Recordar, por ejemplo, los días y juegos de la infancia no es algo que se haga impunemente. Aquella torcedura o desgarrón lo tenemos muy vivo, pero si nos paramos a evocar las circunstancias que envolvían aquellas jornadas edénicas, ajenas a la muerte porque eran ajenas al tiempo, muy probablemente se nos colarán por la escotadura donde confluyen el ayer y el ahora esquirlas, virutas y mondas —junto al asomo de alguna lágrima— de las que no éramos conscientes, puede que indeseadas, tal vez gozosas, inesperadas siempre. Sobre esos recuerdos latentes, Freud erigió lo que para algunos es una ciencia y para otros una superchería, el psicoanálisis, que poco más o menos consiste en interpretar racionalmente lo irracional. No consideramos, en fin, acaso porque su evocación nos remueve por dentro, que nuestros recuerdos son una maquinaria necesitada de mantenimiento, que de cuando en cuando conviene actualizar para que aquellos se mantengan vivos y en forma.

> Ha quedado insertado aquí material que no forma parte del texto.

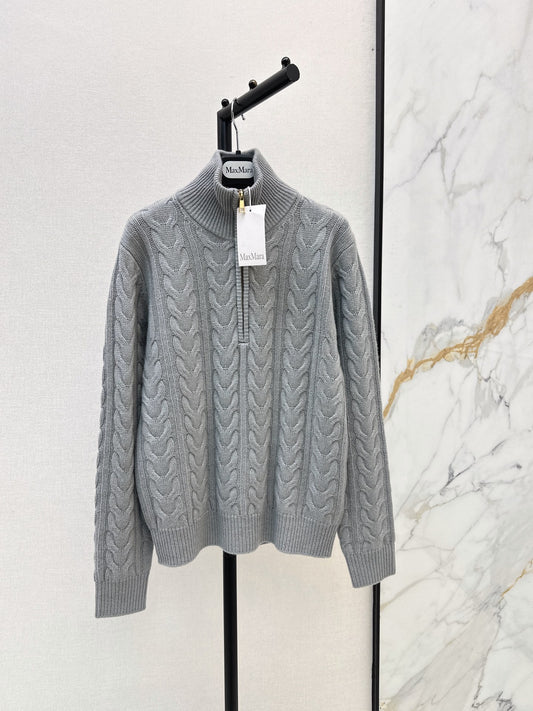 26 Fall/Winter Latest Cable Knit Half-Zip Polo Wool Sweater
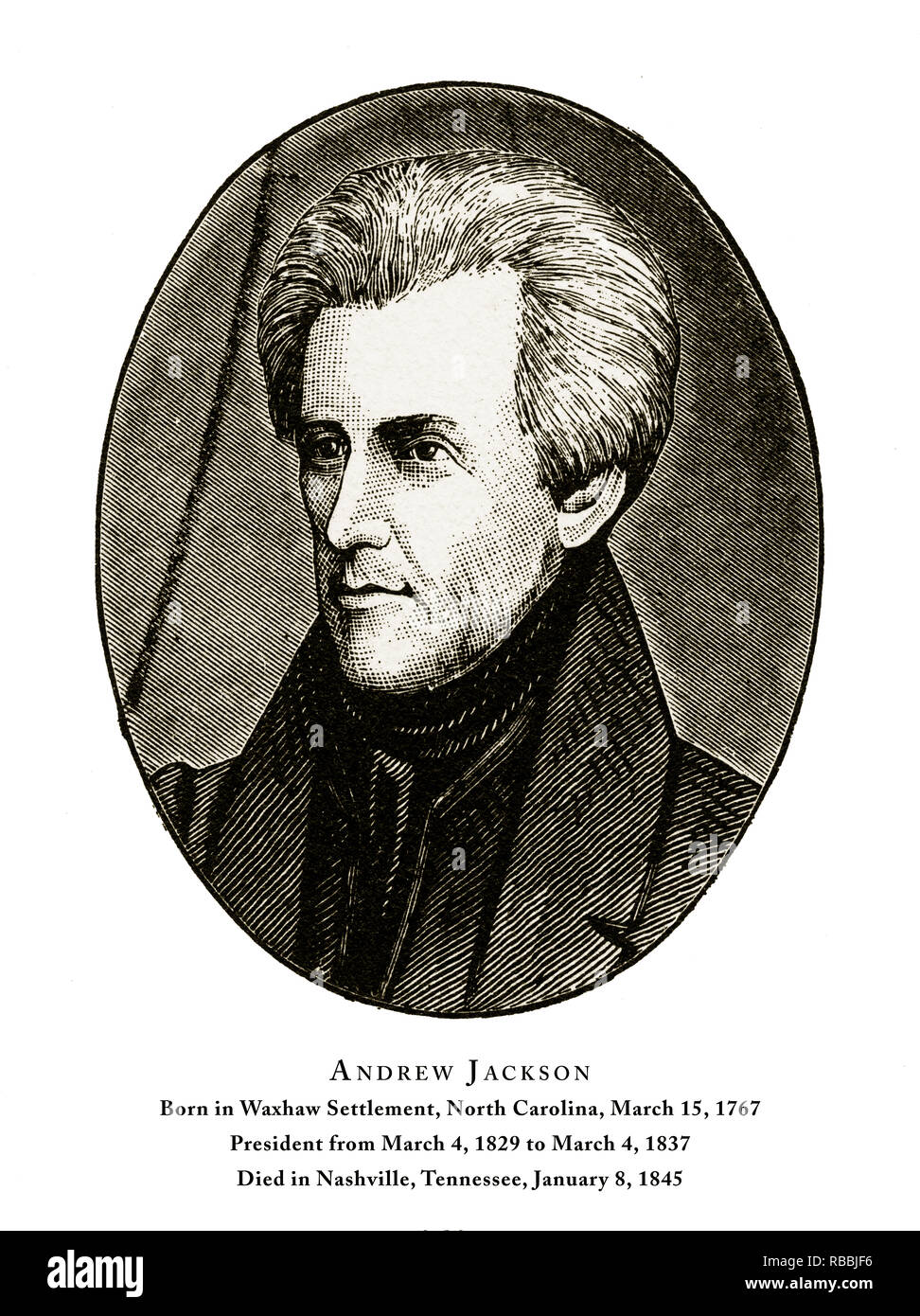 Andrew Jackson, Engraved Portrait of President, 1888 Stock Photo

Las estaciones inclementes, con sus eternas tardes de lluvia y su escasez de luz, están muy prestigiadas como reavivadoras de esos rescoldos de la hoguera de la existencia que son los recuerdos. Sin embargo, quizá sea el verano el momento más propicio para reencontrarnos con nosotros mismos. Allí, bajo su sol, se formaron la mayoría de nuestros más jóvenes recuerdos, que son los más viejos que tenemos. Y no por ser los primeros, sino los más ancianos, merecen unos cuidados especiales que se ocupa de dárselos muy convenientemente ese sentimiento que denominamos nostalgia, tan afín a los veranos de lentos atardeceres infinitos.